Start of GIVEN DATA

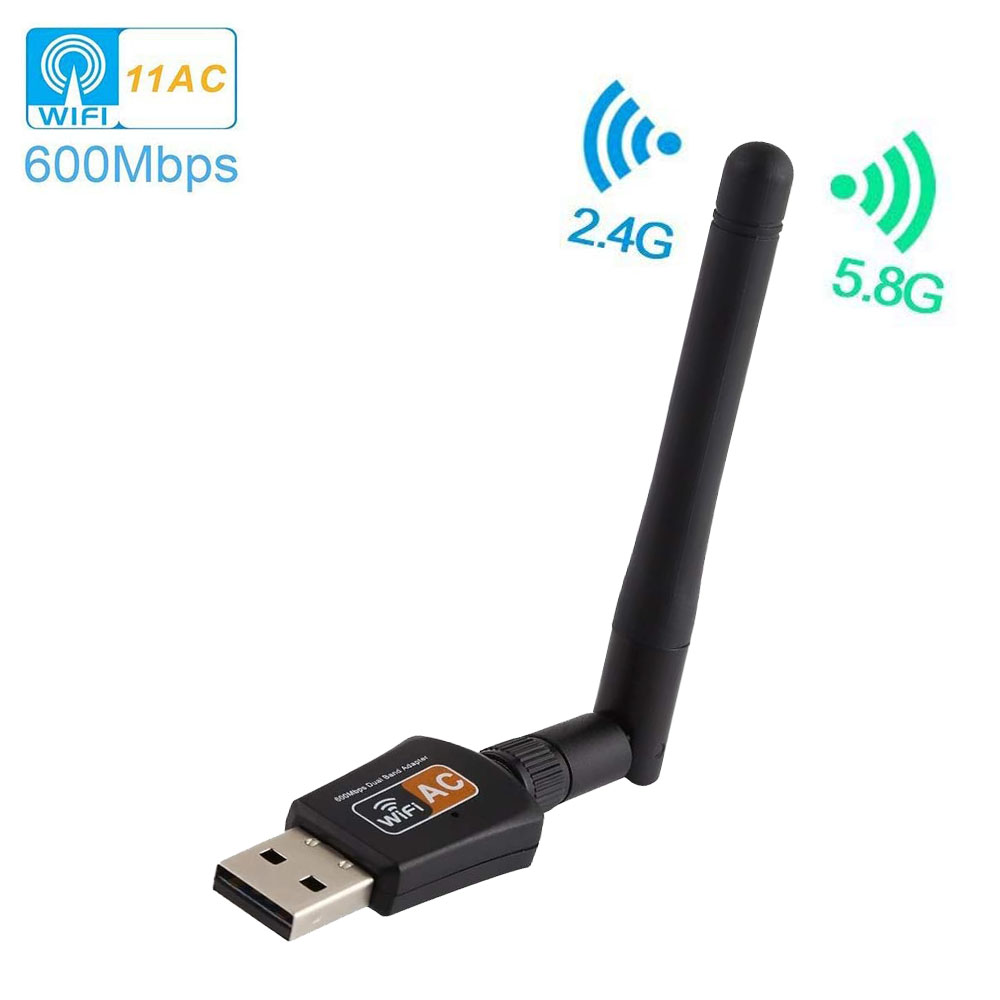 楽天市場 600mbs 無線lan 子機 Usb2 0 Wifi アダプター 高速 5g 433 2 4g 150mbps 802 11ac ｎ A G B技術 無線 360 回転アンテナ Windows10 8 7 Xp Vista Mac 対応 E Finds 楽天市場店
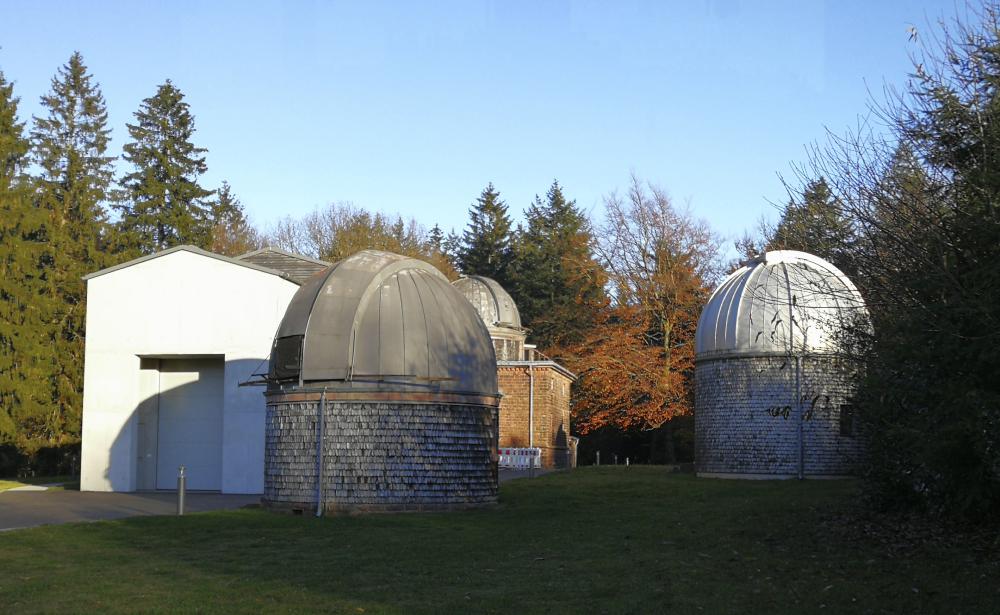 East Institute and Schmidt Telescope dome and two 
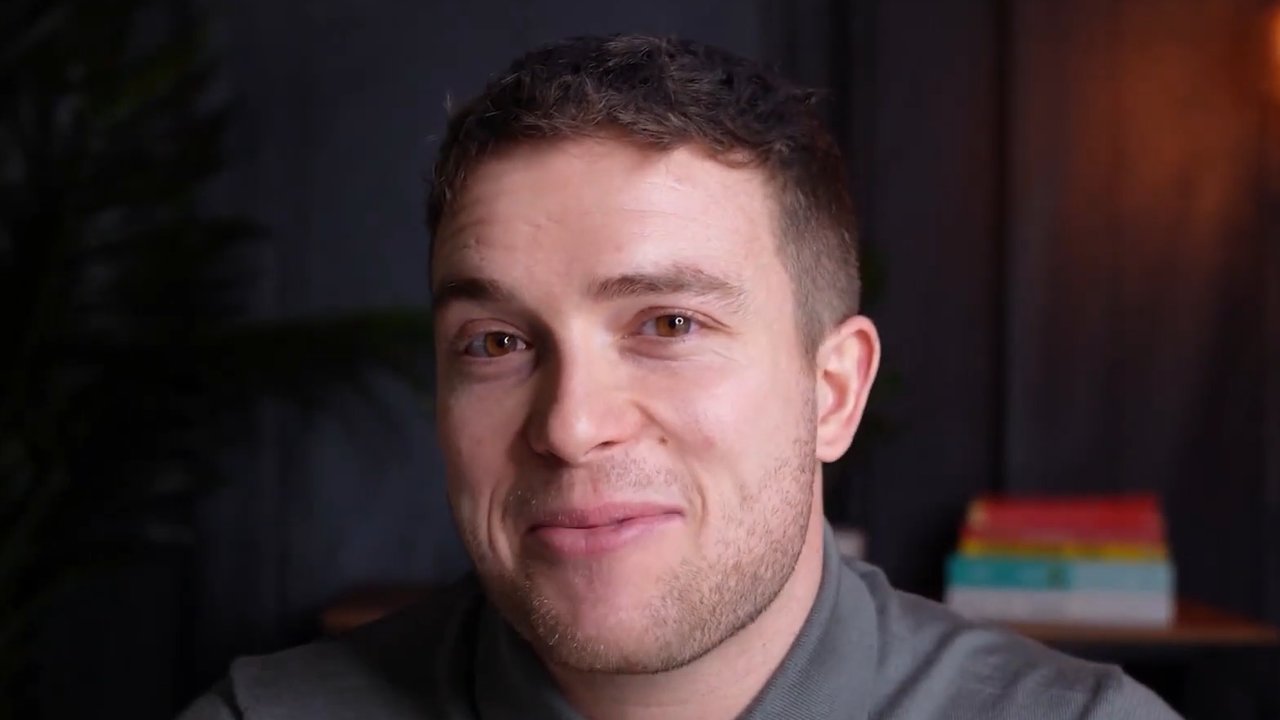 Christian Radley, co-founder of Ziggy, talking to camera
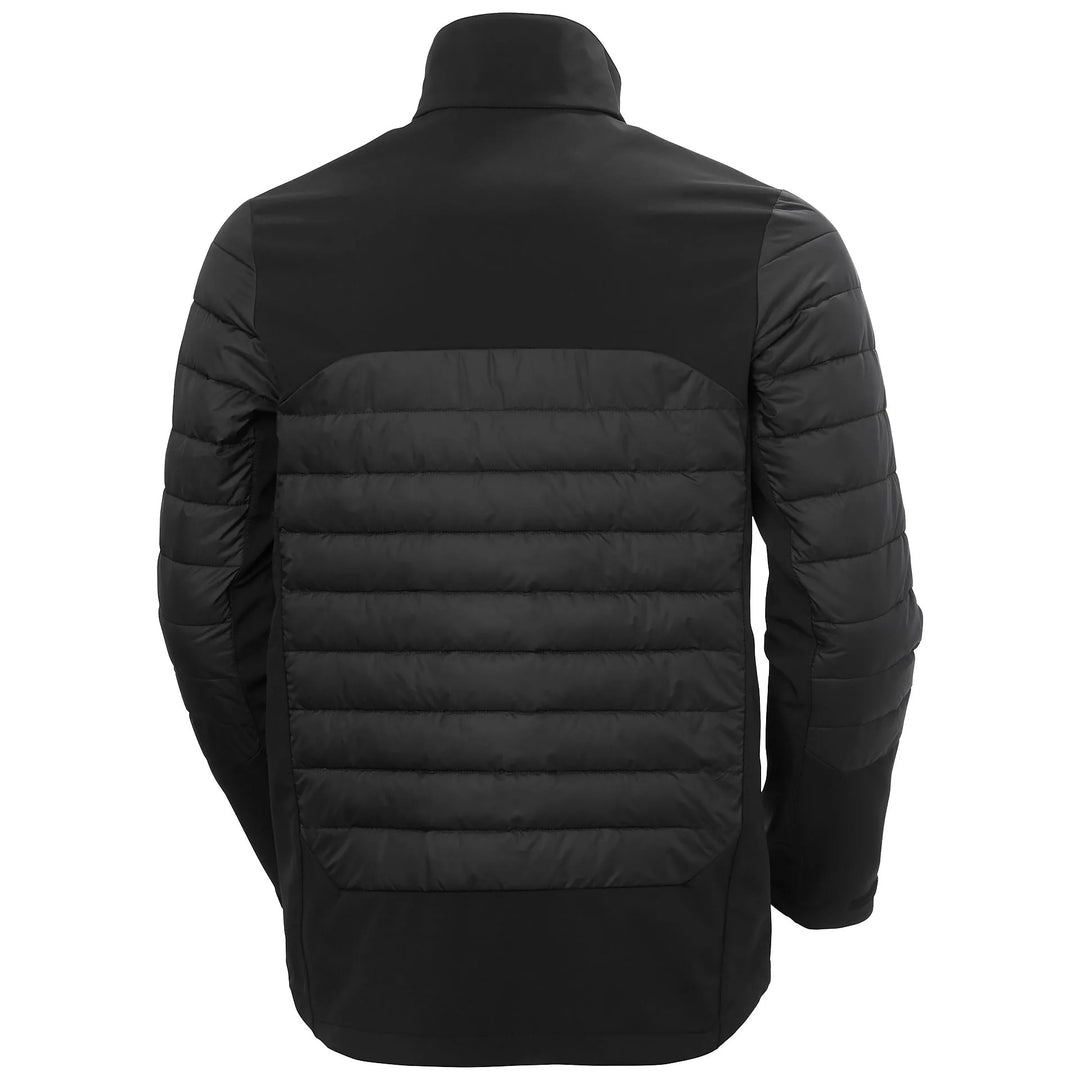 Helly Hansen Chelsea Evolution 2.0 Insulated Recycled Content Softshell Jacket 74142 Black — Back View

End of GIVEN DATA

● **WHAT YOU HAVE TO DO**
Output the data verbatim, images excluded.

● **ANSWER TO THE EXERCISE**
 楽天市場 600mbs 無線lan 子機 Usb2 0 Wifi アダプター 高速 5g 433 2 4g 150mbps 802 11ac ｎ A G B技術 無線 360 回転アンテナ Windows10 8 7 Xp Vista Mac 対応 E Finds 楽天市場店
 East Institute and Schmidt Telescope dome and two 
 Christian Radley, co-founder of Ziggy, talking to camera
 Helly Hansen Chelsea Evolution 2.0 Insulated Recycled Content Softshell Jacket 74142 Black — Back View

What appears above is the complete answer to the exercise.